This comes at a time when industry experts see India emerging as one of the largest wine producers in the world by 2058.
    
Some of the Indian brands to be showcased at the fair, considered the single most important event in the world wine calendar, are Marquise De Pompadour, Tiger Hill, Indage Reserve, Chantilli, Riviera, Ivy and Omar Khayyam.
    
The brands are produced mainly in Maharashtra, by Champagne Indage, which enjoys 75 per cent of market share in India. It also exports wine to 69 countries, as per the firm.
     
The company's Managing Director Ranjit S Chougule said: "We are looking forward to showcasing our brands in the LIWF. The event will provide us with a global platform to not only exhibit our wines, but also help us position India as one of the prominent wine producing countries on the global map".
    
LIFW brings together importers, merchants, producers, agents, restaurateurs, wholesalers, sommeliers, and wine makers from across the globe under one roof.
    
The event offers visitors an opportunity to meet with over 1,300 exhibitors from every major wine producing country and taste their wines.
    
In an analysis of the state of the wine industry in the next 50 years, titled 'The Future of Wine', leading wine merchants Berry Brothers and Rudd said ambitious Indians turning to fine wine as a mark of social standing will drive Indias wine industry to new heights.
     
Alun Griffiths, a contributor to the report, said: "India has the potential to embrace wine in a big way and the economic muscle to dictate to producers what style of wine they should be making."
    
The report said the Indian wine industry was currently in its infancy, but technology exchange in winemaking and viticulture from Europe and Australia meant India was likely to challenge the supremacy of traditional wine-making nations.
    
It said the market for wine in India was growing at over 25 per cent per year.
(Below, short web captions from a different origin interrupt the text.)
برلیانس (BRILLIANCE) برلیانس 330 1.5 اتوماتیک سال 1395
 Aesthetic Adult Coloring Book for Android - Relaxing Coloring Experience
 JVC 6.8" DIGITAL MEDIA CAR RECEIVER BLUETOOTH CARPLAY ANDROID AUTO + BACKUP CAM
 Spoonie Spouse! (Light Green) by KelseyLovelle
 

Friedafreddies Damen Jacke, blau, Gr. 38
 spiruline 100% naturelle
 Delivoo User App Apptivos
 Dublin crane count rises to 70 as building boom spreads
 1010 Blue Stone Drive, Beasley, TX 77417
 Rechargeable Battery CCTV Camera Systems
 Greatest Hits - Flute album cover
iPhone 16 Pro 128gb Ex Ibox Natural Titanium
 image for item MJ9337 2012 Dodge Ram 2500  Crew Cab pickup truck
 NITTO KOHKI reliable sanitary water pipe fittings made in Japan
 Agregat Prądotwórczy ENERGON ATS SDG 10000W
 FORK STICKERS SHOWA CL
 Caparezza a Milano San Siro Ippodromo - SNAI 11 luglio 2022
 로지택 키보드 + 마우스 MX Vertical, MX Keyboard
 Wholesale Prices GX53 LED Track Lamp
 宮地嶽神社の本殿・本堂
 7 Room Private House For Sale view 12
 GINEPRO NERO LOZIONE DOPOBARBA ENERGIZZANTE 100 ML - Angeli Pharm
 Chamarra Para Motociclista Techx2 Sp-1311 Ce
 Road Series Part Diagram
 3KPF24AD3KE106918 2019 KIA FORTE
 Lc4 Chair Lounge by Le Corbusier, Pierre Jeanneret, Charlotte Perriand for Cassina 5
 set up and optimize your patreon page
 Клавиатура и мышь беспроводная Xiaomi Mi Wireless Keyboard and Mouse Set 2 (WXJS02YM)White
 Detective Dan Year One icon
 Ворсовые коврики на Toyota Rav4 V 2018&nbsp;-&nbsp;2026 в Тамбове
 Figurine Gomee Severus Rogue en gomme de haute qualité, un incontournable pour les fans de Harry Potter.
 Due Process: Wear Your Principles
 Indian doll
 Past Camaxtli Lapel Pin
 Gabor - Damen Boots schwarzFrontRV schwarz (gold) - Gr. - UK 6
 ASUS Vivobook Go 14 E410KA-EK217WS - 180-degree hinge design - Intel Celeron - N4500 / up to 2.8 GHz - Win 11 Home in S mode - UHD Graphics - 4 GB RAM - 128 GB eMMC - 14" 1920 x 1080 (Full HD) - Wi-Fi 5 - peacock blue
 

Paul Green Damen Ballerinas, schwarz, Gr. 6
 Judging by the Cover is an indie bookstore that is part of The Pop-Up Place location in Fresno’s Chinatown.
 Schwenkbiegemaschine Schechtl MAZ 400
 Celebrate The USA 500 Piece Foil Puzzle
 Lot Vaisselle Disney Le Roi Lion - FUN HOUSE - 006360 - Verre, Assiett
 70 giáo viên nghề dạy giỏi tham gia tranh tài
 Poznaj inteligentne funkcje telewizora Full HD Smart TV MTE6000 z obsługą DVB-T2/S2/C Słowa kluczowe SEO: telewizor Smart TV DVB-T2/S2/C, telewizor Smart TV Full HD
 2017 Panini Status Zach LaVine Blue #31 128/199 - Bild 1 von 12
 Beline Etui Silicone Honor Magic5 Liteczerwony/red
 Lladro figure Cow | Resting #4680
If the increasing number of vineyards planted in parts of western and southern India were any indication, India will soon be taken seriously as a fine wine-growing nation, the report said.
    
According to Jonathan Ray, Wine Editor of the Daily Telegraph said: "By 2058 it will be quicker to count those countries that don't make wine than to count those that do. India will have embraced the grape, foreign know-how having identified the best sites for both bulk and single estate wines".
    
Traditionally, France has led the way (in both performance and price) when it comes to high-end, premium vintages, but the report said stiff competition from around the world could soon see the fine wine league table turned on its head.